Went to our local Cabela's a few weeks ago and the shelves were full of ammo, cool! The clerk came out and put 3000 or so rounds of .22LR on the shelves
and all the shoppers went nuts and within maybe 15 minutes all the .22's were gone. I didn't see anyone buying any other caliber just the .22's, weird.


----------



## Nathan Jefferson (May 11, 2013)

It is starting to pop back in here and there around me - but the flippers still snap it up - just a little less quickly now that the price and scare is going away.


----------



## LunaticFringeInc (Nov 20, 2012)

Nathan Jefferson said:


> It is starting to pop back in here and there around me - but the flippers still snap it up - just a little less quickly now that the price and scare is going away.

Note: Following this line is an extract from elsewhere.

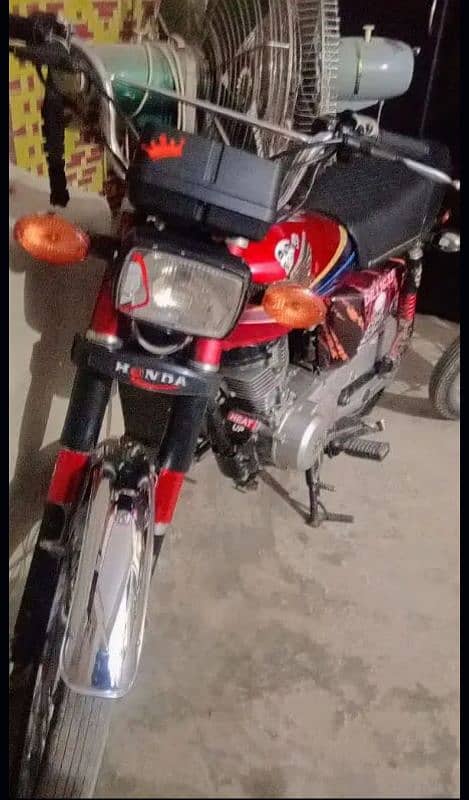 Honda CG 125 bike hai all genuine bike hai koi bhi Kam Nahin hai . 0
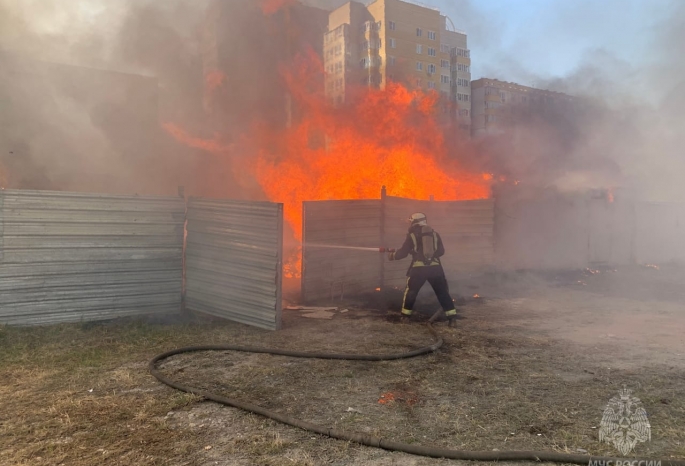 В Омске горит склад пиломатериалов – его тушат два десятка пожарных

I agree. That's what I am seeing here locally for the most part. Saw quiet a bit of CCI this past week and there is still 22 WRM and 17 HMR on the shelf although they have just about sold it all. Its getting better out there availability wise and should be looking a lot better in a couple more months provided this administration doesn't get stupid again. Right now I have quiet a bit still on hand and I aint ready to buy anymore quiet yet. Gonna let the rush on ammo ease before I start buying again. I don't mind pay fair market prices for it but I don't need more enough to pay the elevated prices that often times out there. I guess its just the tight wad in me.


----------



## BeefBallsBerry (Aug 25, 2013)

I just picked up 600rnds......a lil pricey at $100 but if you can find it buy it I guess.


----------



## Ripon (Dec 22, 2012)

California guys. What can I tell you the frenzy will be on through the years end. The laws coming down on the people of my former state are real and severe. Gun owners are hoarding up all the supplies they can afford there right now - time to sell - buy next year this time. I have a small ammo can of loose rounds, not even the same brand, weight suggests its got 2800 rounds in it +/1 and you wouldn't believe what I just traded it for! A Ruger P85 and most importantly 3 hi cap magazines that will leave CA with me since they'll be against the law there soon. 

PS...hi cap magazines will spike here very shortly then CRASH. Once they can't be bought in the state with the biggest market they will have harder times finding homes - we should do quite well on magazines next year too.


----------



## BigCheeseStick (Aug 7, 2013)

22 rf = .22 Rim Fire

I think the shortage right now is a combination of hoarding, and the manufactures are committing most of their resources (brass, lead, powder, production) to filling recently acquired government contracts we keep hearing about. Strange part is that the government contracts are often for HP (hollow point) ammo. Which is as evil a NO NO as using sarin gas if your military!


----------



## Fuzzee (Nov 20, 2012)

I still can't find any locally except for local guys selling their closest stashes for way too much trying to feed off the shortage. I got some online though and for the right price. Meaning the price it was and is suppose to be before this bs that Obama and his shitbag minions caused being the shitbags they are taking advantage of childrens deaths to scare the sheep and implement gun laws. I've got backstock of course, but didn't want to go into that and shot up my shooting supply and wanted more.


----------



## ApexPredator (Aug 17, 2013)

Only if used in a declared international war from what I know.


----------



## PalmettoTree (Jun 8, 2013)

It is crazy how varied the reports of supplies are. Here a two box limits are easy to find. For me that is plenty to maintain and increase my inventory. I buy every visit to the store. But I can see how the young guys playing with ARs can go through a hundred in fifteen minutes.


----------



## BigCheeseStick (Aug 7, 2013)

The Aguila stuff that's $99.00 now was $80 something less than a week ago! And under $30 last year!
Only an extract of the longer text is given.